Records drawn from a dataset

◇ ◇ ◇ ◇ ◇ ◇ ◇

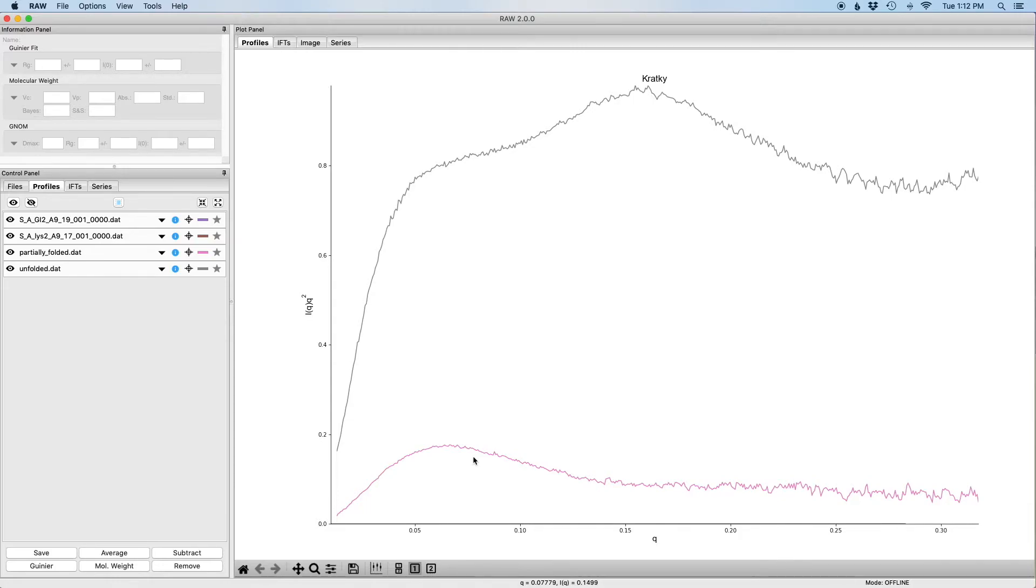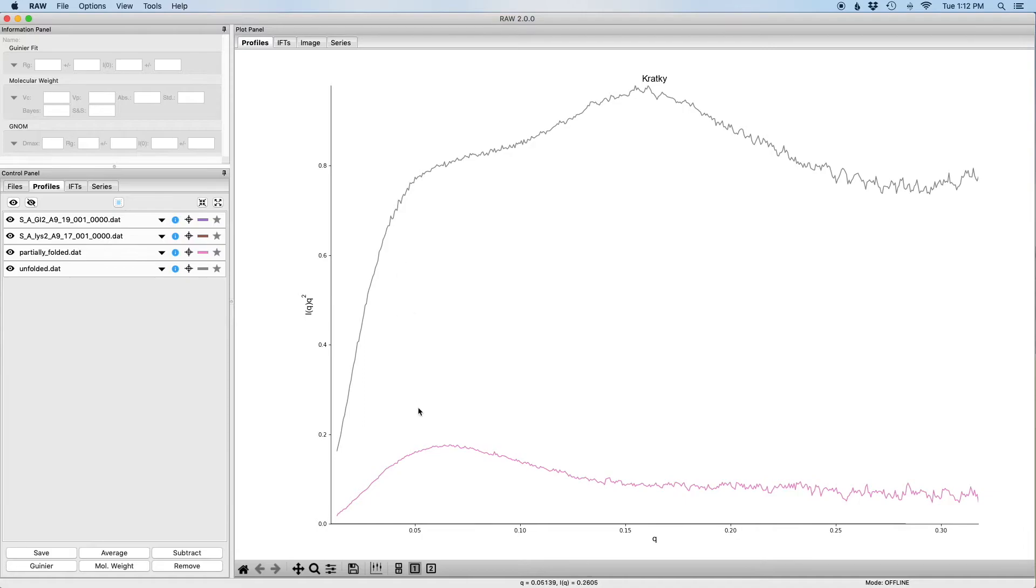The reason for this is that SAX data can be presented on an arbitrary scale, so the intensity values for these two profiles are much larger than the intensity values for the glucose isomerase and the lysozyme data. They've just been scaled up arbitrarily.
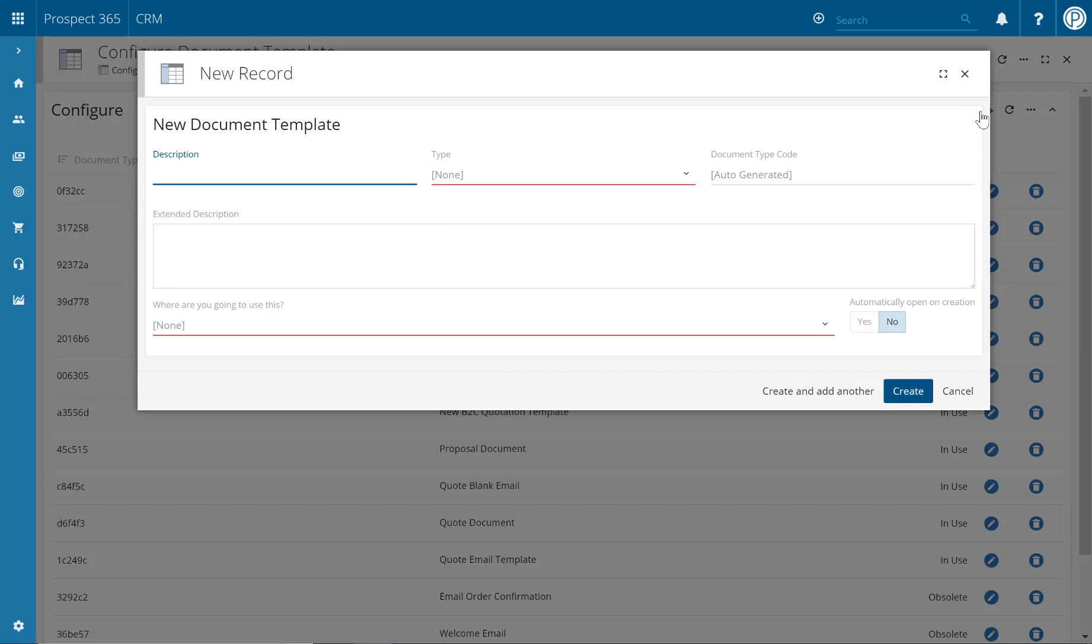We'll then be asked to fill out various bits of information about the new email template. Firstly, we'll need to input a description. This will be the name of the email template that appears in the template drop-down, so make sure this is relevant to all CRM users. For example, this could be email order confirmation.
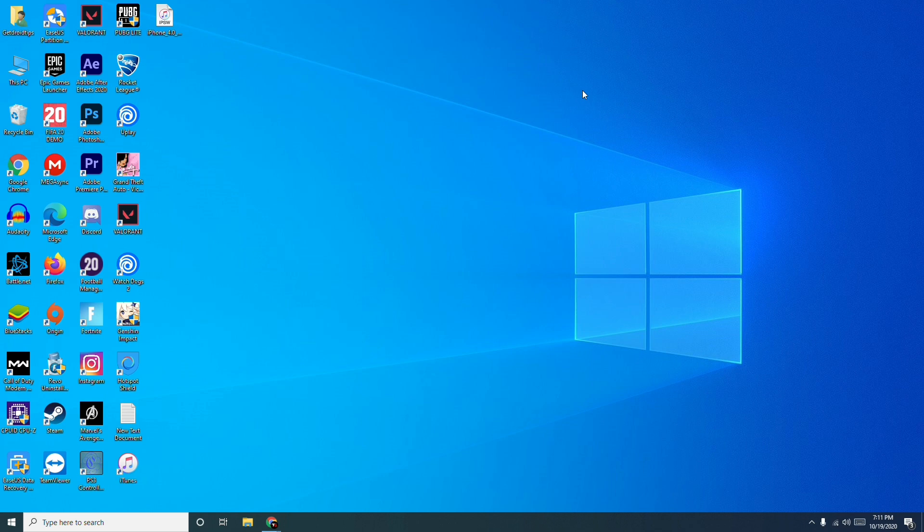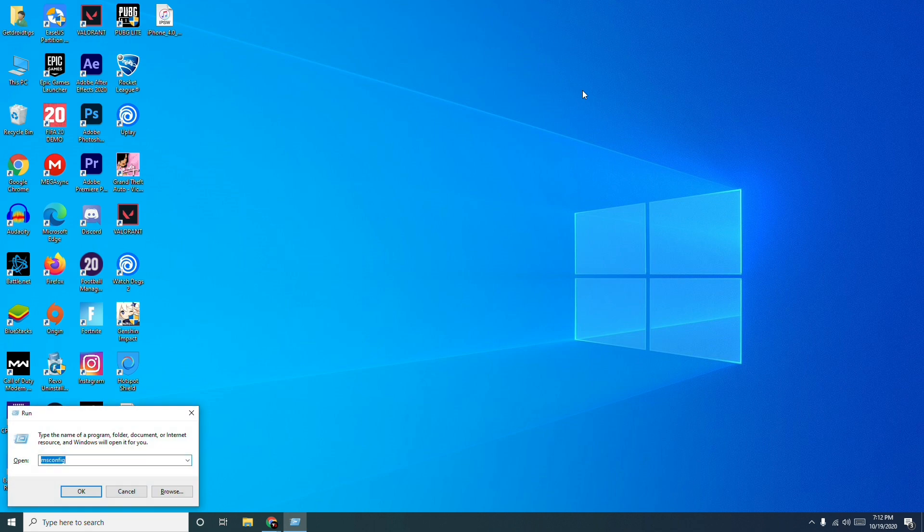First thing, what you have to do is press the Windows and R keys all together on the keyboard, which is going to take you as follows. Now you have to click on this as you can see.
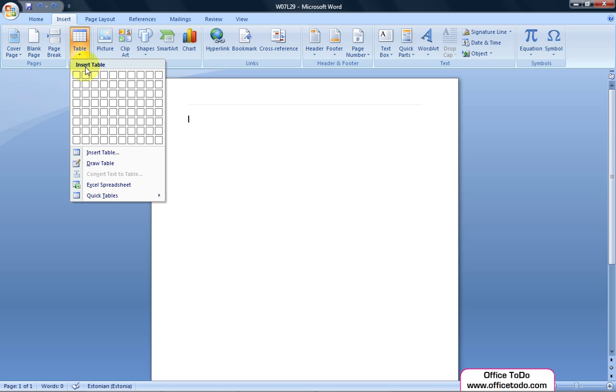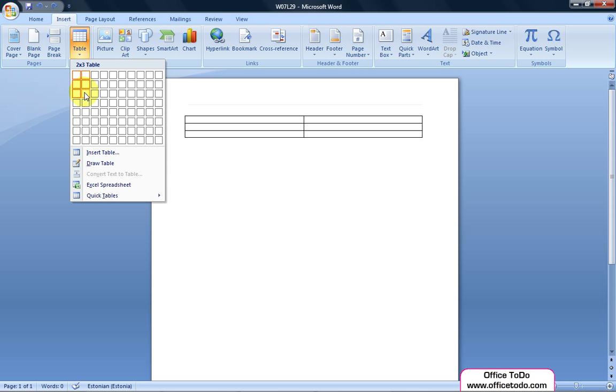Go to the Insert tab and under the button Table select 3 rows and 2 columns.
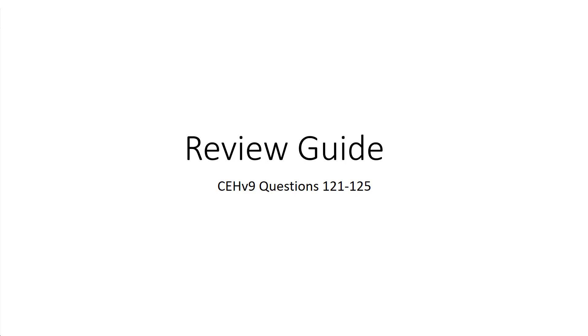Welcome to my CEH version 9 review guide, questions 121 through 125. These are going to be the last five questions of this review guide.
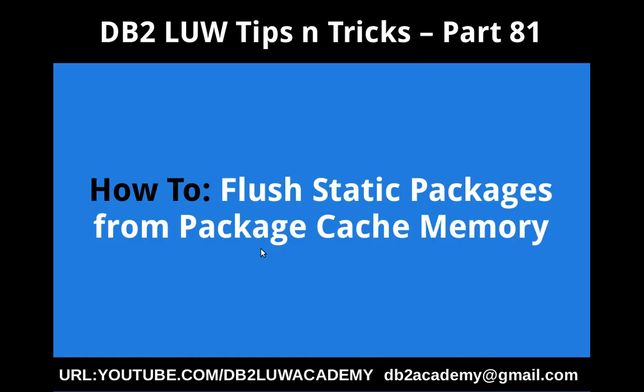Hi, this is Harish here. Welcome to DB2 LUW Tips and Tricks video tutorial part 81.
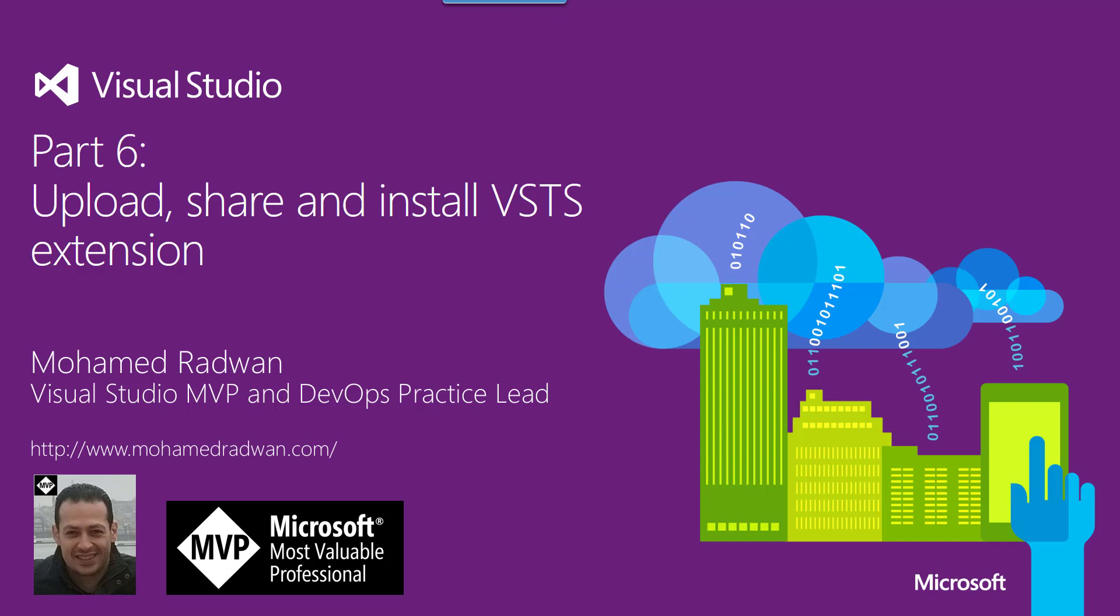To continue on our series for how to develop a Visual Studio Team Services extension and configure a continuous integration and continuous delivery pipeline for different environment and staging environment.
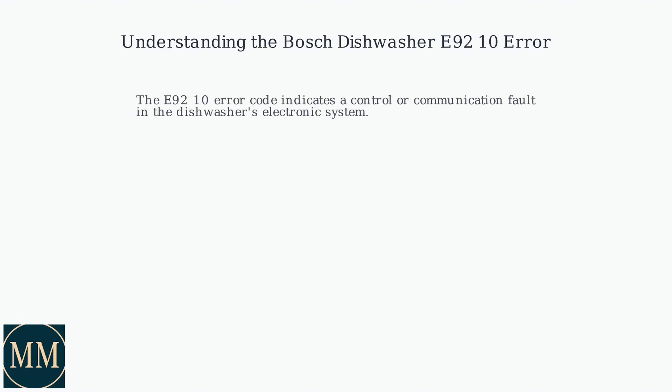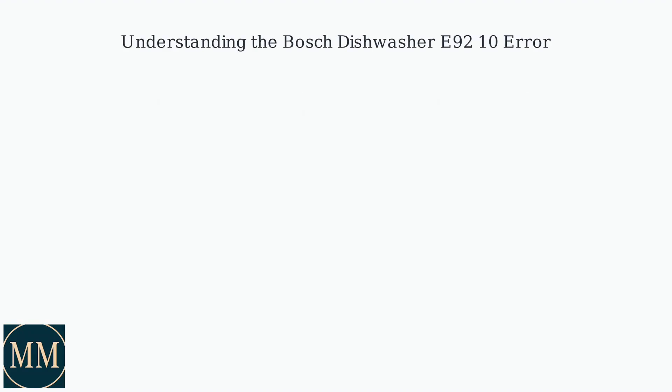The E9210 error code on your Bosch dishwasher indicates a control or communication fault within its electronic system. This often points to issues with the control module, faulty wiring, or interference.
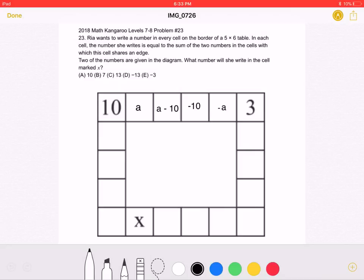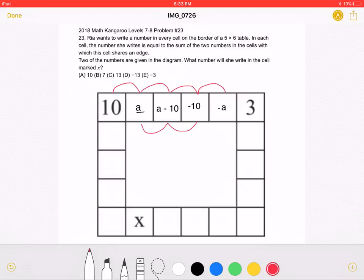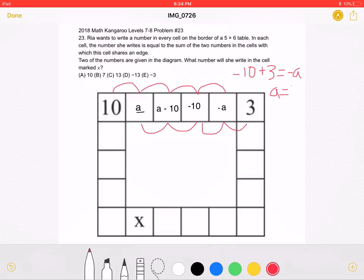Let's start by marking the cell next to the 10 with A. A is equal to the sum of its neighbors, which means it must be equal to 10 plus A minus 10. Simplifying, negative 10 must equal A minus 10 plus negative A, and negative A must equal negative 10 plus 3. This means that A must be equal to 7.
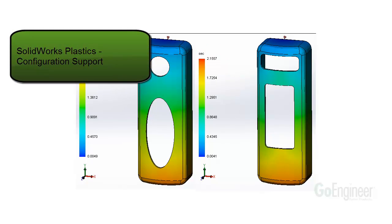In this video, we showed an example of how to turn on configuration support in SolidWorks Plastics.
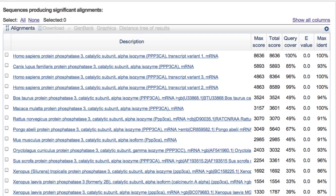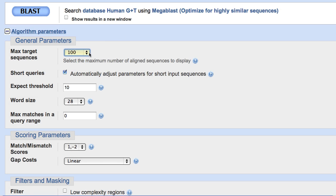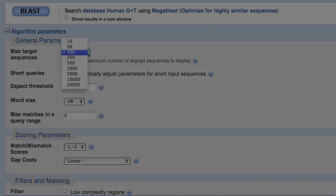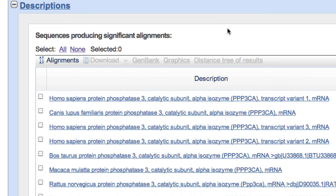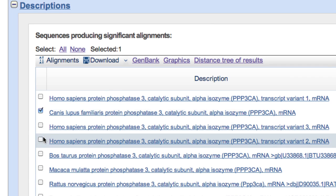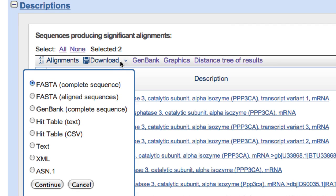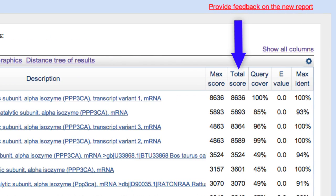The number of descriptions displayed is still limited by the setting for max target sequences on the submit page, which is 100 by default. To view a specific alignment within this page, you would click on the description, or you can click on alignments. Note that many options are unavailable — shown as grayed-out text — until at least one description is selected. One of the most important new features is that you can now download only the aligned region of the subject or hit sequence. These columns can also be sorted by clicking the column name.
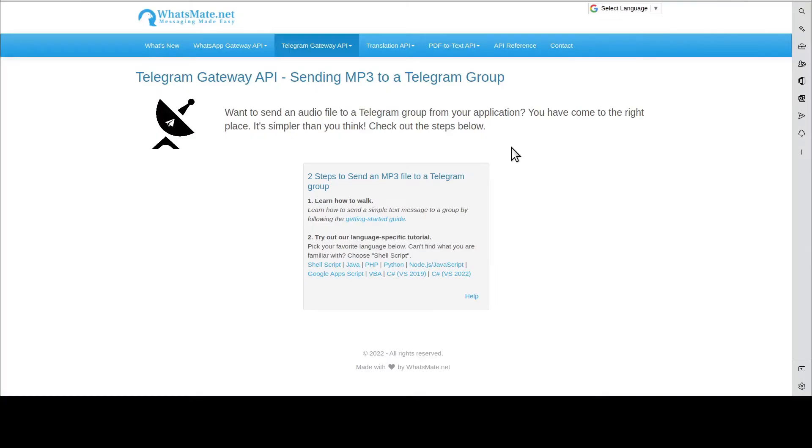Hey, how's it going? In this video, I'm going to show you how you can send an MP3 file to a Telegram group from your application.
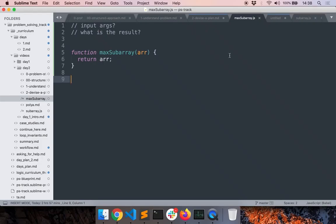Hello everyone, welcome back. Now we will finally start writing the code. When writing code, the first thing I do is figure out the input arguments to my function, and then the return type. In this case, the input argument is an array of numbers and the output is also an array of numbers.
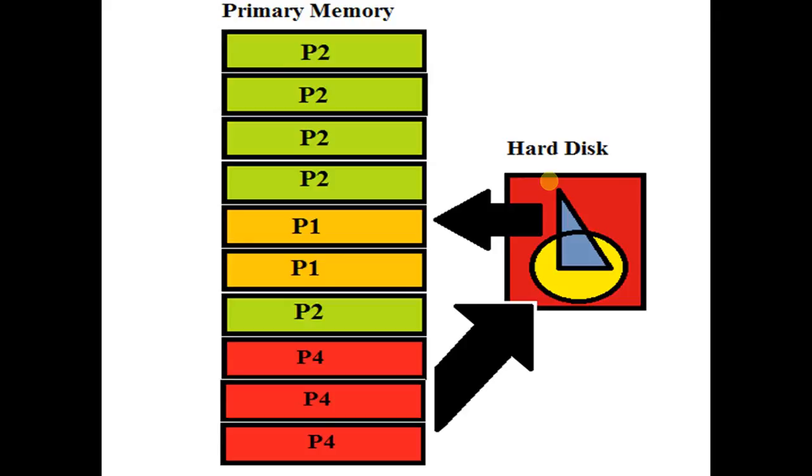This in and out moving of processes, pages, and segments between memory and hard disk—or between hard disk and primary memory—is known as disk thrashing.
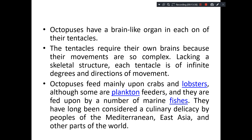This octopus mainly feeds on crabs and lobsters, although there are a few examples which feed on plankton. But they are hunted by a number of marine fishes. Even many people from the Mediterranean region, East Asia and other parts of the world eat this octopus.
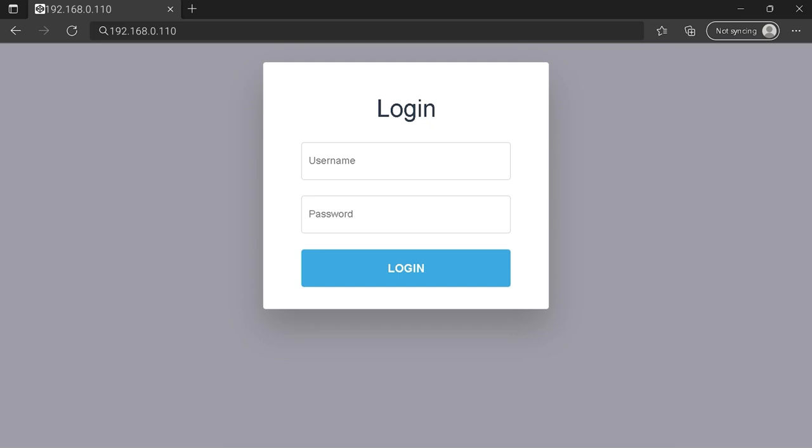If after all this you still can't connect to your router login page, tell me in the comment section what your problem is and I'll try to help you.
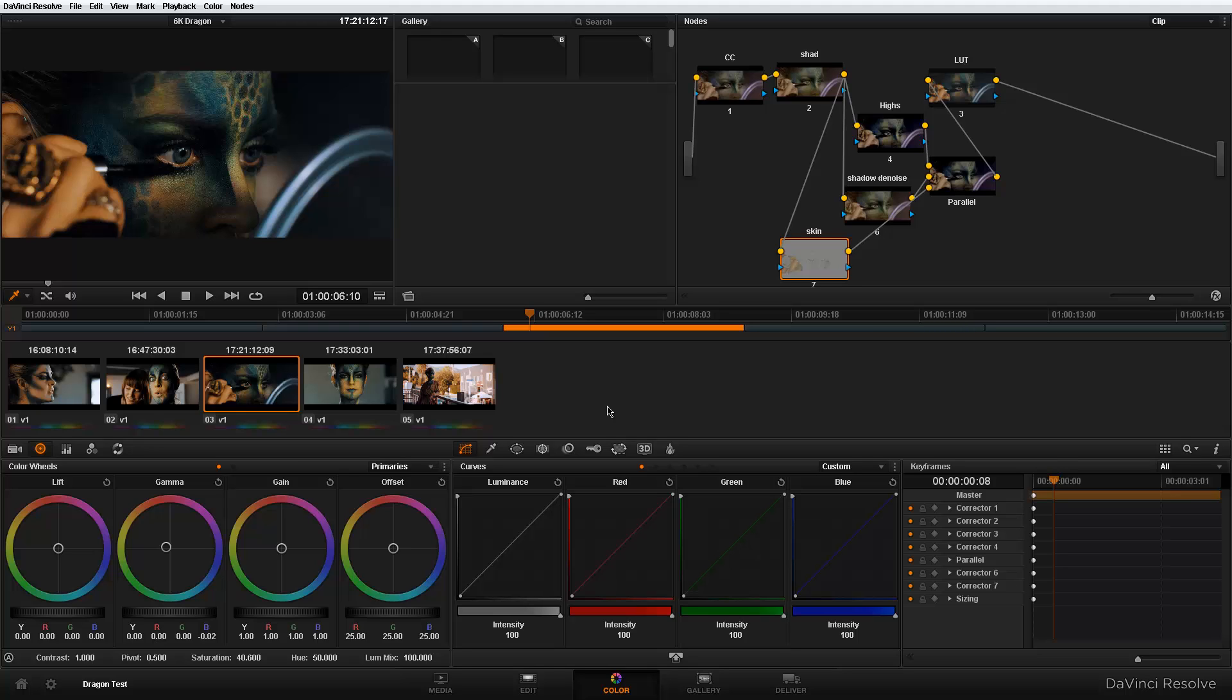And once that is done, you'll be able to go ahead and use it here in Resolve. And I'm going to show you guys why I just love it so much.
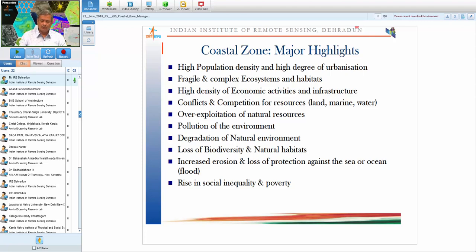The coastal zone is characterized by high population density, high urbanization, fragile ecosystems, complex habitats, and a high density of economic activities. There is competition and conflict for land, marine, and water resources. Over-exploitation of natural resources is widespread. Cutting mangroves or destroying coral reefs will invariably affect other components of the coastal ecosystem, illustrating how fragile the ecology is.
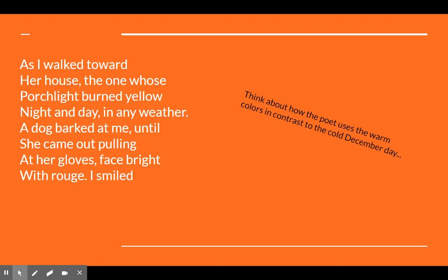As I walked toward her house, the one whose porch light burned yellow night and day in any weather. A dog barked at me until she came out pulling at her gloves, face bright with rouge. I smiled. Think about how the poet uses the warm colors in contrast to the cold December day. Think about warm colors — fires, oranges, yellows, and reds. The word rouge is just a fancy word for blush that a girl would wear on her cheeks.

◇ ◇ ◇ ◇ ◇ ◇ ◇

### Work instruction
Exact copy, pictures excluded: every line above from the one containing "Go to the Insert" to the one containing "Hi, this is", inclusive, and nothing more.

### Response
Go to the Insert tab and under the button Table select 3 rows and 2 columns.
Welcome to my CEH version 9 review guide, questions 121 through 125. These are going to be the last five questions of this review guide.
Hi, this is Harish here. Welcome to DB2 LUW Tips and Tricks video tutorial part 81.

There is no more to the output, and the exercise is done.